The team implemented a two-step screening approach utilizing the Claude Sonnet model. The LLM first filtered out clearly irrelevant titles and then categorized abstracts by relevance, leaving final validation to human reviewers.

This AI-assisted workflow achieved ~100% sensitivity (no relevant studies were missed in the validated tiers) and ~84% specificity, demonstrating how Wemedoo is leveraging cutting-edge technology to accelerate complex evidence synthesis.

Findings on Machine Learning (ML) approaches

Beyond the methods used to write the review, the study also examined the application of ML techniques in trial failure analysis.
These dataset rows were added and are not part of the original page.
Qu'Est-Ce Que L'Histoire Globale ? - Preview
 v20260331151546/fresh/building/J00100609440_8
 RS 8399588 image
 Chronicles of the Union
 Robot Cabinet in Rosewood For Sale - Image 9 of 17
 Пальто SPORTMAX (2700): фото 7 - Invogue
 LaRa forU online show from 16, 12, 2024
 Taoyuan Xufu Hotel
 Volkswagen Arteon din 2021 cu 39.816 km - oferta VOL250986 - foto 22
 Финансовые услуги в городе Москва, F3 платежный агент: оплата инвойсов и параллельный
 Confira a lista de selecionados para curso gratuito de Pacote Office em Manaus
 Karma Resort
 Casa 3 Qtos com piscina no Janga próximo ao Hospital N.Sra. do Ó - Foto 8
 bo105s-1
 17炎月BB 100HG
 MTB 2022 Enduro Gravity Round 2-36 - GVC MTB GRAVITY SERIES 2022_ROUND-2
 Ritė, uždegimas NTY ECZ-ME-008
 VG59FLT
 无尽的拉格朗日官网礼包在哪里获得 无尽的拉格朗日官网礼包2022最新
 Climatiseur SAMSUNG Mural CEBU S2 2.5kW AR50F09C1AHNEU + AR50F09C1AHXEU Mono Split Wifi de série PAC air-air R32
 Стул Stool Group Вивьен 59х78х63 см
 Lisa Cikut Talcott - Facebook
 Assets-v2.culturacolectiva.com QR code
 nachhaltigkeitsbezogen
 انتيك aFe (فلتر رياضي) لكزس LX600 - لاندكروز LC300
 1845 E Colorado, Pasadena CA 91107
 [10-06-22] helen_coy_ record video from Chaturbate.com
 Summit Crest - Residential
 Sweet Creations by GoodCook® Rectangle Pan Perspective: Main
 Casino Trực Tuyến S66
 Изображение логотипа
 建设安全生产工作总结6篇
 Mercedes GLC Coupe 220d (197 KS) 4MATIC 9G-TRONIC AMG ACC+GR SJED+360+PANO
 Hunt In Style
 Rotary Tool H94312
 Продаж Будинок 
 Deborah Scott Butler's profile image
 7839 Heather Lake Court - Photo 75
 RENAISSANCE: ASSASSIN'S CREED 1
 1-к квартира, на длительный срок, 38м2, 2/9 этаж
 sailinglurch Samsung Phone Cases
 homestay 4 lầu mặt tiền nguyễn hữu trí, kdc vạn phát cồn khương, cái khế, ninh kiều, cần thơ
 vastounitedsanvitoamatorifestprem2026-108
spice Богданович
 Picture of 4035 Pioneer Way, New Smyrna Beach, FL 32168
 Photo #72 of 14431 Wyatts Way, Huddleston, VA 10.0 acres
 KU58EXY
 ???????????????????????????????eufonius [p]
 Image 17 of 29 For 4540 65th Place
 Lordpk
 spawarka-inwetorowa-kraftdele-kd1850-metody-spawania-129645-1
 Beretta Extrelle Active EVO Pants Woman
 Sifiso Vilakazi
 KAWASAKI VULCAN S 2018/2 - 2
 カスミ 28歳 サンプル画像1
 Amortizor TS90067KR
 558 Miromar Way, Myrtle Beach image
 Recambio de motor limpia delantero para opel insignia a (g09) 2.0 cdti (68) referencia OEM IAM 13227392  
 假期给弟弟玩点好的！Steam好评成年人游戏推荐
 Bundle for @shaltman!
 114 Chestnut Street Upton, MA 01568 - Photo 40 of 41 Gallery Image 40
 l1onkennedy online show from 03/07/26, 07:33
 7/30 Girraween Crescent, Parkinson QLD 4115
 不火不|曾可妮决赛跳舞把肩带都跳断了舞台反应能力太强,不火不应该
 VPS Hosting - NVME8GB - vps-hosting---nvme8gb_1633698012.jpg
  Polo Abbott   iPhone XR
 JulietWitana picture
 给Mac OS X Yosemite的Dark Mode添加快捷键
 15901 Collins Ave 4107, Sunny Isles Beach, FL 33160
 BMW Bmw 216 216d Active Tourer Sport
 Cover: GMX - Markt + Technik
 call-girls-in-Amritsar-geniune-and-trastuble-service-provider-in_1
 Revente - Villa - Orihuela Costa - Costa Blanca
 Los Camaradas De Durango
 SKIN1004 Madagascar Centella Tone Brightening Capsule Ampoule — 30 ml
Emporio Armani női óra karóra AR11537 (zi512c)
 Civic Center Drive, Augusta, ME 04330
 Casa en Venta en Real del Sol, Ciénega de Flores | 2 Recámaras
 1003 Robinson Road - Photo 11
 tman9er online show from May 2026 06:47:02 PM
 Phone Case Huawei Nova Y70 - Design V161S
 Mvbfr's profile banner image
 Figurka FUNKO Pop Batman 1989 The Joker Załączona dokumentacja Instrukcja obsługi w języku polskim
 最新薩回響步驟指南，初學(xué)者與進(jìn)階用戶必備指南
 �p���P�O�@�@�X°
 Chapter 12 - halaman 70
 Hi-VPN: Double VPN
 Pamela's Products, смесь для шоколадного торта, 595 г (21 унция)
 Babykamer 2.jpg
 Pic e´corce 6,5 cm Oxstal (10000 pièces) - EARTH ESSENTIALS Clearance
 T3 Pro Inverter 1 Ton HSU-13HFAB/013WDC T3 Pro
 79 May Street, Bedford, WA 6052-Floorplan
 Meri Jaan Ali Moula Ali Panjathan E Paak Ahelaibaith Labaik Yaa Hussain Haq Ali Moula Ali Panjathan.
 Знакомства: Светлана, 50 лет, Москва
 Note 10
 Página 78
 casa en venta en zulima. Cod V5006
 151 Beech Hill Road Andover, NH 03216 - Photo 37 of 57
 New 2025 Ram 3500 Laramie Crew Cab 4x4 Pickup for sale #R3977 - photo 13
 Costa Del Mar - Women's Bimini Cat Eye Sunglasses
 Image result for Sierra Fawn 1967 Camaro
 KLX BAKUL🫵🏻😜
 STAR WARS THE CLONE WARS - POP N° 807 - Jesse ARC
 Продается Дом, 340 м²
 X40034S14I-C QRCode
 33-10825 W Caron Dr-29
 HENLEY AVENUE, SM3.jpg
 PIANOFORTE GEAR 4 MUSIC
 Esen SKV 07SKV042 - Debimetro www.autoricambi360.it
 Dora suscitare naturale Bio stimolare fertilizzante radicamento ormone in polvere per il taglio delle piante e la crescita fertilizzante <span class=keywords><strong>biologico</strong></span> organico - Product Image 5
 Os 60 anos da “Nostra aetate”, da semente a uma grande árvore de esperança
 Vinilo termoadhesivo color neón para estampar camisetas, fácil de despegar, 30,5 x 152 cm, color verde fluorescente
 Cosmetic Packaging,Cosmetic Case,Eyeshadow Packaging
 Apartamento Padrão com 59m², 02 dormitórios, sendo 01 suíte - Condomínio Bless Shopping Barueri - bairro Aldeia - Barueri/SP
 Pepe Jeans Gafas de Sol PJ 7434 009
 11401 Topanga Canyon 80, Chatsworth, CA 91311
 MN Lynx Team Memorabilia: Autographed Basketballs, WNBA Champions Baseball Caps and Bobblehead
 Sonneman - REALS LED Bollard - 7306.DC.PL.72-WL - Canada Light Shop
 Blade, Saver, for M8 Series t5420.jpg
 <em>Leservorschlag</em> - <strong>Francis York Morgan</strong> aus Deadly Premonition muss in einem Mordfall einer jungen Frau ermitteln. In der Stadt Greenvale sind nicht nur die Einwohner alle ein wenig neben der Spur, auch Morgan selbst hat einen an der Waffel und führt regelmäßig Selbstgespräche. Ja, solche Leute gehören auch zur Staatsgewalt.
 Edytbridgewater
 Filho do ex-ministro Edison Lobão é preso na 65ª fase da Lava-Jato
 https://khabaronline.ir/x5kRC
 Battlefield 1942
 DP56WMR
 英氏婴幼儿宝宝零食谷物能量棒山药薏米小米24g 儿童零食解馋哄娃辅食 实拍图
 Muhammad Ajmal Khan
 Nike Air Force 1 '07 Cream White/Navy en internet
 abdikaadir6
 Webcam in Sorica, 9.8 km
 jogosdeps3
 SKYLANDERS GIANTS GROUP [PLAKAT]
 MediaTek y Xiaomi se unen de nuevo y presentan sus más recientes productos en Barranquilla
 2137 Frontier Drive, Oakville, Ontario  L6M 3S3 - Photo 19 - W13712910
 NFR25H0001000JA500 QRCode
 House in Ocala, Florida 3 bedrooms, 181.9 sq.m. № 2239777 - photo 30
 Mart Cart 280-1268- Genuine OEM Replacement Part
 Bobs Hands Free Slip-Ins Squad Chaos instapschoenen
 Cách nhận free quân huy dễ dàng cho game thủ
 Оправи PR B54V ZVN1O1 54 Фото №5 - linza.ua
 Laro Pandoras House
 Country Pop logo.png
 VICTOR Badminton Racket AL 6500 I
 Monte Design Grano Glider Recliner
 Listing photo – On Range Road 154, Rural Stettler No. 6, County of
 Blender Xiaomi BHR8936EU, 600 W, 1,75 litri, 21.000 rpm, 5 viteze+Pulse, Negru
While the majority of research in this field has utilized frequentist statistics (like logistic regression), Wemedoo’s review identified and analyzed a distinct subset of studies employing ML algorithms.

The research highlighted that these ML approaches offer distinct advantages over traditional statistical methods. Specifically, ML models can handle larger numbers of features, automatically detect complex interactions between data points, and process unstructured data (such as text from trial protocols). These findings suggest that ML represents a distinct and promising methodological alternative for assessing trial failure risk.

The definition of trial failure

A key objective of the study was to clarify what should be considered a failed clinical trial. The authors showed that previous research uses a wide range of definitions, both in terms of which trial statuses are counted as failures and which are treated as successful or ongoing studies. These differences can strongly influence reported failure rates and affect the conclusions drawn from statistical and ML analyses.

The research demonstrated that including ongoing or active trials when calculating failure rates can make failure appear less frequent, since these studies have not yet reached a final outcome. Similarly, classifying suspended trials as failed can be misleading, as such studies may later restart and be completed. To reduce this inconsistency, authors proposed standardizing definitions for future research, recommending:

• Failed trials: Should be defined as terminated or withdrawn

• Non‑failed trials: Should include completed trials only

This classification excludes ongoing and suspended trials to ensure consistent comparisons across studies and accurate measurement of failure prevalence and predictors.

Applying these findings to future research

This study provides guidance for improving how clinical trial failure is defined and interpreted in future research. Researchers can adopt a standardized definition of trial failure, classifying terminated and withdrawn trials as failed and completed trials as non‑failed.

By applying consistent and well‑defined criteria for trial failure, future research can produce more comparable evidence and support more accurate understanding of why clinical trials fail.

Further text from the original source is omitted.